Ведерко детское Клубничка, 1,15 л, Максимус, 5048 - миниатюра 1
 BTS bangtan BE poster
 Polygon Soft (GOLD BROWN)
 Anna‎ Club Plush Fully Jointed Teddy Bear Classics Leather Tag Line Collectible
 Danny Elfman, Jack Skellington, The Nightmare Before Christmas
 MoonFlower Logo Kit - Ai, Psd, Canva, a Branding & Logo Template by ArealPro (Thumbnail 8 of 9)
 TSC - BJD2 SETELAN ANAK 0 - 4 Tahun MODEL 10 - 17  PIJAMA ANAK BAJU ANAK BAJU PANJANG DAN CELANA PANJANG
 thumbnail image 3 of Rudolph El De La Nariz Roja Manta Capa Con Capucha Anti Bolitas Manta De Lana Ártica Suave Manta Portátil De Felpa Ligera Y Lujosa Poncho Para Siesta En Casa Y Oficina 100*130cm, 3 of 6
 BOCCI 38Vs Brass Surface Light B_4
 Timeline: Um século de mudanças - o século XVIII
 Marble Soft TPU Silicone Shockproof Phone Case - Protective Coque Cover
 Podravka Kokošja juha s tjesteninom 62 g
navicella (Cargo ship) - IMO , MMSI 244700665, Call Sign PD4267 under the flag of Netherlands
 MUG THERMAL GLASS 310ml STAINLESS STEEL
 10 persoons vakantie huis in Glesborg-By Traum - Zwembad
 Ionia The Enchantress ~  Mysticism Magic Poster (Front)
• • • • • • •
- _Aim of the exercise_
Quote every line from the beginning of the entries up to and including the line that contains "MoonFlower Logo Kit".

- _Final answer_
Ведерко детское Клубничка, 1,15 л, Максимус, 5048 - миниатюра 1
 BTS bangtan BE poster
 Polygon Soft (GOLD BROWN)
 Anna‎ Club Plush Fully Jointed Teddy Bear Classics Leather Tag Line Collectible
 Danny Elfman, Jack Skellington, The Nightmare Before Christmas
 MoonFlower Logo Kit - Ai, Psd, Canva, a Branding & Logo Template by ArealPro (Thumbnail 8 of 9)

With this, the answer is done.